Dentro de los pocos datos que han trascendido respecto a este convenio de colaboración entre ambas instituciones (Sanidad y UVa) está el hecho de que las conversaciones están «muy avanzadas», aunque todos los detalles del proyecto se desvelarán cuando se rubrique la firma del convenio. Lo que sí es público es el interés del decano de la Facultad de Medicina, Ricardo Rigual Bonastre, quien resalta la importancia de contar con un pabellón docente en el que los alumnos puedan recibir enseñanza teórica complementaria a sus prácticas clínicas en el hospital.

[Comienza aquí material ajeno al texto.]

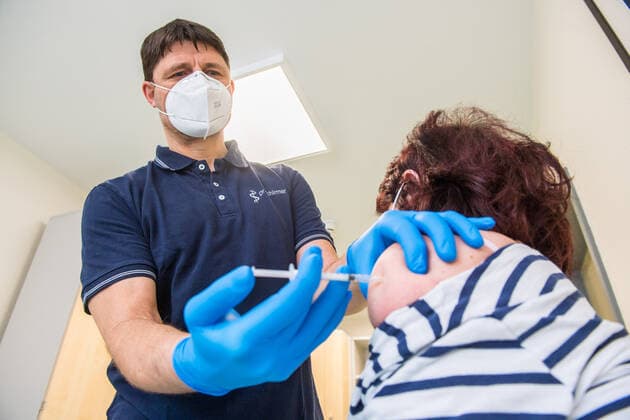 Coronavirus in Sachsen, Impfung in Hausarztpraxis in Aue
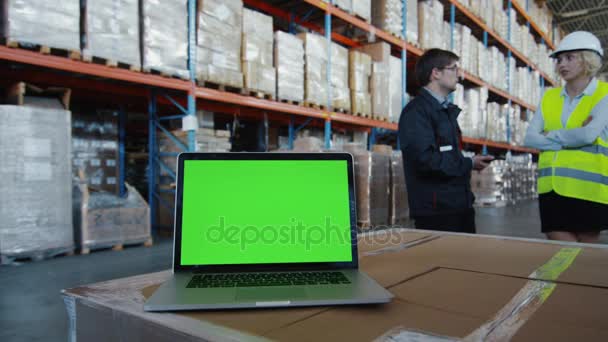 Laptop con pantalla verde en Logistics Warehouse. Grande para el uso de Mock-up
. - Imágenes, Vídeo
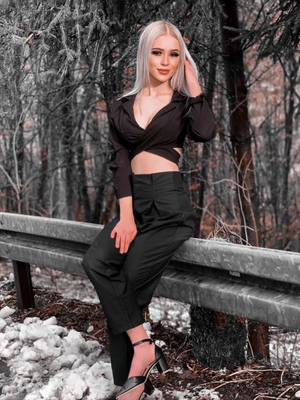 A post by @diese.evy on TikTok caption: @mrs.crisponix ❤️ #foryoupage #foryou #fyp #fy #trend #trending #girl #makeup #viral #bestfriend #BestFriends #Love #strichmännchen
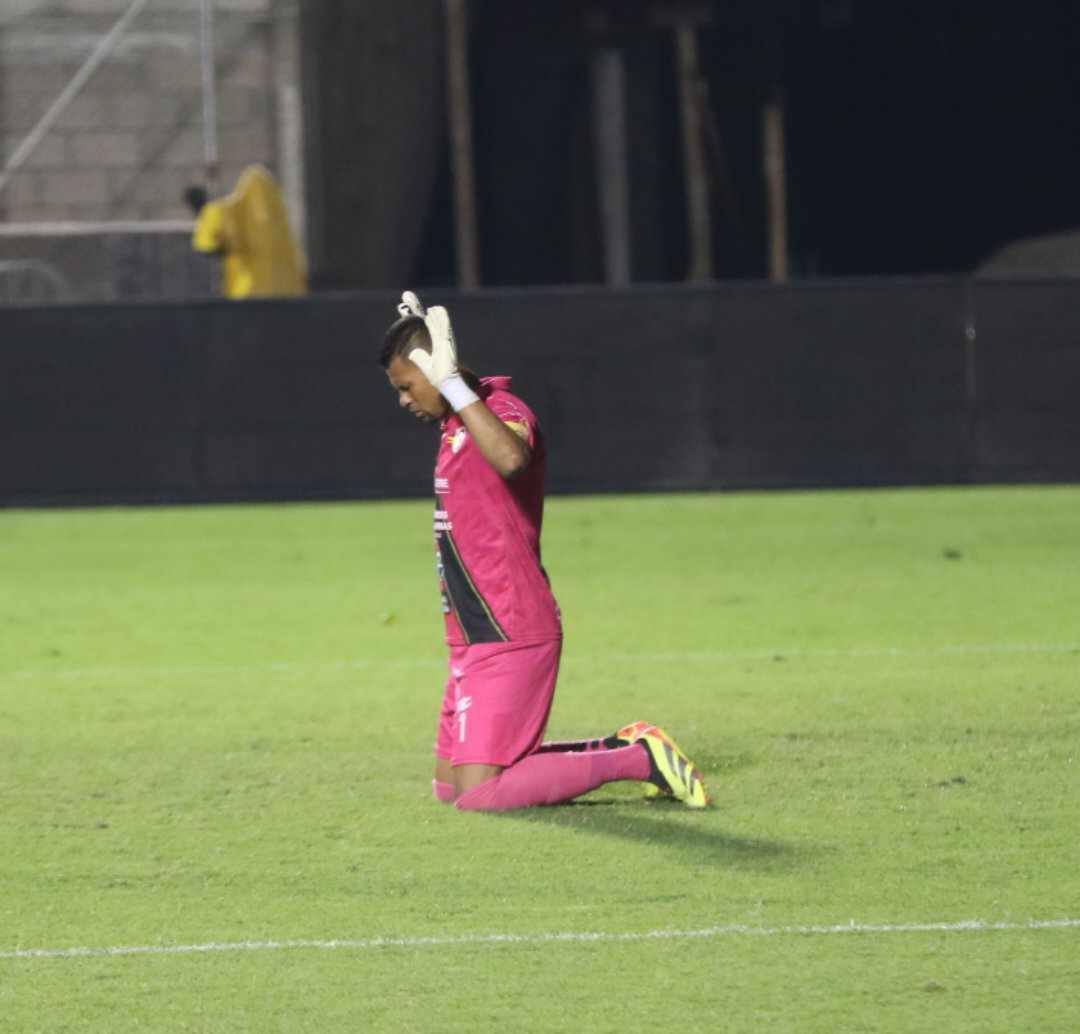 Chica viral de TikTok presente, lo que hizo Diego Vázquez y bellas damas en triunfo de Motagua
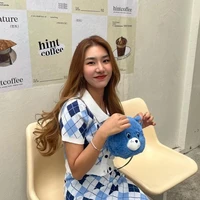 Irin Urassaya Malaiwong (em)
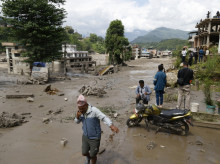 internacional/20260826/imagenes-violenta-riada-nepal-localidades-arrasadas-edificios-destruidos-puentes-destrozados_452449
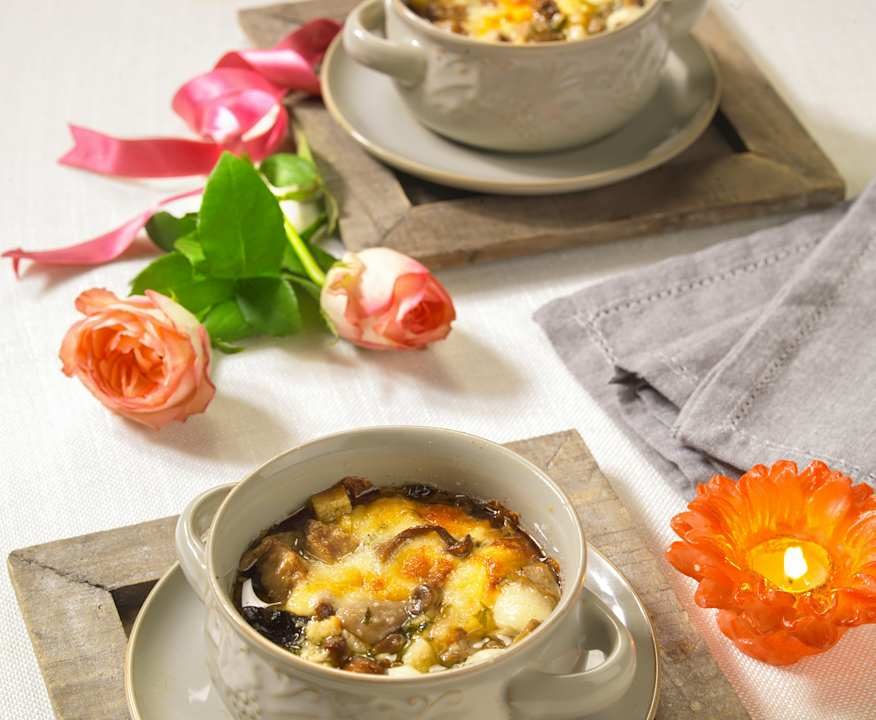 Funghi e provolone in cocotte (per 2 persone) Protein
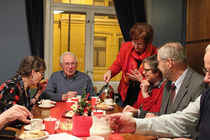 Virallisen osuuden jälkeen siirryttiin kahvittelemaan ja nauttimaan joulutortuista sekä riisipiirakoista ja munavoista.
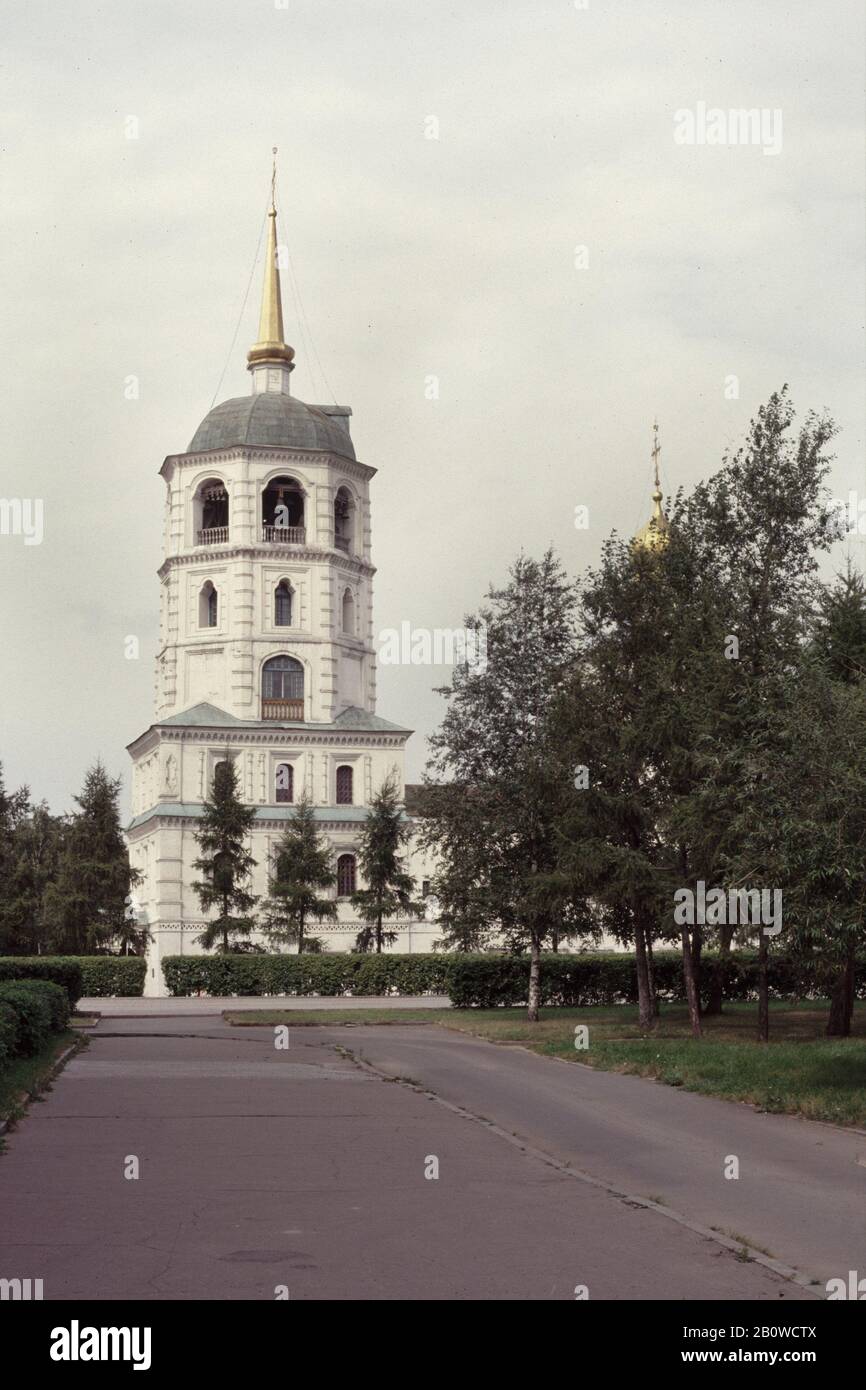 Erlöserkirche (Spasskaja-Kirche) in Irkutsk in Sibirien, Russland. Die orthodoxe Kirche wurde 1706-1710 im sibirischen Stil des Barock erbaut, während der Kirchturm Ende der 1750er Jahre hinzugefügt wurde. Das Foto wurde im August 1996 aufgenommen. Stockfoto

«Actualmente los estudios de Medicina centran sus primeros cursos en las prácticas preclínicas y dejan para cursos posteriores la enseñanza en el Hospital Clínico Universitario. Al contar ahora con dos hospitales universitarios se ha decidido, de cara a los nuevos planes de estudio, dividir los cursos en dos partes, cada una de ellas con prácticas en un hospital», explica Rigual.
El problema que se plantea para llevar a cabo esta iniciativa es la distancia existente entre el nuevo Río Hortega y la Facultad de Medicina, al revés de lo que sucede con el Clínico, que impediría a los alumnos recibir la enseñanza teórica complementaria a sus prácticas in situ. «Si contamos con este pabellón nos aseguraremos que nuestros alumnos de 3º a 6º de Medicina que tengan que hacer prácticas allí no deberán desplazarse hasta la facultad para recibir clase», recalca.
Asimismo, el decano hace hincapié en la necesidad de solucionar la escasez de profesores vinculados con la Universidad que en la actualidad existen en el Río Hortega, algo que se plasmó en la petición elevada recientemente al Consejo de Gobierno de la UVa y que se traduce en la confección de un plan especial para contar con más docentes vinculados (titulados y catedráticos). «Lo ideal, ya que las prácticas se distribuirán por igual entre los dos hospitales, sería contar con una plantilla docente equilibrada en ambos», apostilla Rigual.